Auch Ihre Mutter war oft inhaftiert. Hatten Sie da Angst um sie?
Da war ich noch sehr klein. Ich bin aber mitgegangen in die Gefängnisse, um sie zu besuchen. Und sie war es, die uns tröstete und Mut machte, nicht umgekehrt.

Warum trug sie nur schwarz? Aus dem Grund, aus dem sie sich Dolores, Schmerzensreiche, nannte? Eigentlich hieß sie ja Isidora.
Sie ging nur noch in Schwarz, seit ihre Eltern gestorben sind. Und es starben vier meiner Geschwister im Kindesalter. Es war für sie furchtbar, jeden Tag, wenn sie meinem Vater das Essen in die Grube brachte, am kleinen Friedhof vorbeizukommen, wo ihre erste Tochter Esther, meine Drillingsschwestern Amagoya und Azucena und später auch Eva beerdigt waren. Sie hat viel Schmerz ertragen müssen. Mein Bruder Rubén fiel als Rotarmist in der Schlacht um Stalingrad 1942. Nach Francos blutigem Sieg hatten wir ins Exil gehen müssen. Wir lebten in Frankreich, Rumänien und in der Sowjetunion. Erst Ende der 70er Jahre konnten Emigranten zurückkehren.

Was war das Geheimnis der mitreißenden Reden Ihrer Mutter?
Oh ja, ihre Reden. Sie waren nie kürzer als eine Stunde, und dabei hat sie sich nicht ein einziges Mal wiederholt.

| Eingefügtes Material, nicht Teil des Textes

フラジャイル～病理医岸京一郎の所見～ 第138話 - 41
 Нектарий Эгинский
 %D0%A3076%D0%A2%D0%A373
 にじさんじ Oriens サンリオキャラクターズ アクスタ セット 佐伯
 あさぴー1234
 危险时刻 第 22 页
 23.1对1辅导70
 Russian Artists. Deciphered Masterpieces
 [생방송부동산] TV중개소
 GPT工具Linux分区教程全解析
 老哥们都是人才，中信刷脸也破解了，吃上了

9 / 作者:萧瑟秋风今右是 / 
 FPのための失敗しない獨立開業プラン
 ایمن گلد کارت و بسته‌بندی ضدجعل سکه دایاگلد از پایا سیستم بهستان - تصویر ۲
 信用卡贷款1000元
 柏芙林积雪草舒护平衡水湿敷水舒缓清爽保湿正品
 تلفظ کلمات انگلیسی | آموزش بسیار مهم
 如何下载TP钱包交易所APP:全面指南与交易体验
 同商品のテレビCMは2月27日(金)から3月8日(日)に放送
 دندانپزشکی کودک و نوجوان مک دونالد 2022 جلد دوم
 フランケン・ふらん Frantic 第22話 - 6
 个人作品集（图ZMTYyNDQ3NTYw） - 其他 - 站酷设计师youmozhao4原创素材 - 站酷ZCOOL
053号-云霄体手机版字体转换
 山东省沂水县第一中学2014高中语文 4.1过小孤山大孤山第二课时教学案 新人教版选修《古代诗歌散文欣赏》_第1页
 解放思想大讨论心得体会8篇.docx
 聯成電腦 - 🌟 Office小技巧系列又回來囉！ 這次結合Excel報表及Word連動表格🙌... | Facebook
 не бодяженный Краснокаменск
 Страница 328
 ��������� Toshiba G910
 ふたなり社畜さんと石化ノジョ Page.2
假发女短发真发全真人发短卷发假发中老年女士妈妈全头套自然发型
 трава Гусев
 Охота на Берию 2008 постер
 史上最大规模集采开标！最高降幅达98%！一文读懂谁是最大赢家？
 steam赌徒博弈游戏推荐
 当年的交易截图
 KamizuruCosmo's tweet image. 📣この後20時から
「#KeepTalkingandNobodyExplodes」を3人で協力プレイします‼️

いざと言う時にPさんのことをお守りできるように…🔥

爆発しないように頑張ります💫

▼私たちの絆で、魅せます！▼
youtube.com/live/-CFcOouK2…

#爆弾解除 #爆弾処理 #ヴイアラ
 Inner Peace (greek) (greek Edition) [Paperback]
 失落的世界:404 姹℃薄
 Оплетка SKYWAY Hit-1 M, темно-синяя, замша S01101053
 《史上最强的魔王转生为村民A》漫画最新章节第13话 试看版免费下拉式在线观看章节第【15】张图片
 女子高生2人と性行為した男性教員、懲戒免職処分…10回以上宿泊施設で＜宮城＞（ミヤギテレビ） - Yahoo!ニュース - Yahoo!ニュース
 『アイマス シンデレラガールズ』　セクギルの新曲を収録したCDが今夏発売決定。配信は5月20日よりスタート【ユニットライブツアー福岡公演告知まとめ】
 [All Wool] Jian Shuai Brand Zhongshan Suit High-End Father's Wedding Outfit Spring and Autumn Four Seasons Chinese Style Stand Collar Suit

Sie hatte eine kraftvolle, bildreiche, volkstümliche Sprache. Es gelang ihr, die Menschen emotional aufzuwühlen. Die Frauen haben geweint, die Männer wurden bestärkt. Sie hat mit ihren Reden die Menschen vereinigt. Sie war eine Integrationsfigur.

Und im heutigen Spanien?
Ebenso. Auch in der Zeit der Franco-Diktatur war sie nie vergessen. Dolores vive en nosotros. Sie lebt in uns allen. Nicht nur in meiner und meiner Kinder Erinnerung. Ich werde oft gerufen, wenn Straßen oder Schulen nach ihr benannt werden. Ich erzähle aus ihrem Leben und von dem, was sich mit ihrem Namen verbindet, vom Freiheitskampf des spanischen Volkes und über die uns damals zur Seite stehenden Interbrigadisten. Das ist jetzt meine wichtigste Aufgabe. Und ich erfülle sie gern. Darf ich das deutsche Volk grüßen?

Ja, bitte.
Saludo carinoso al pueblo aleman!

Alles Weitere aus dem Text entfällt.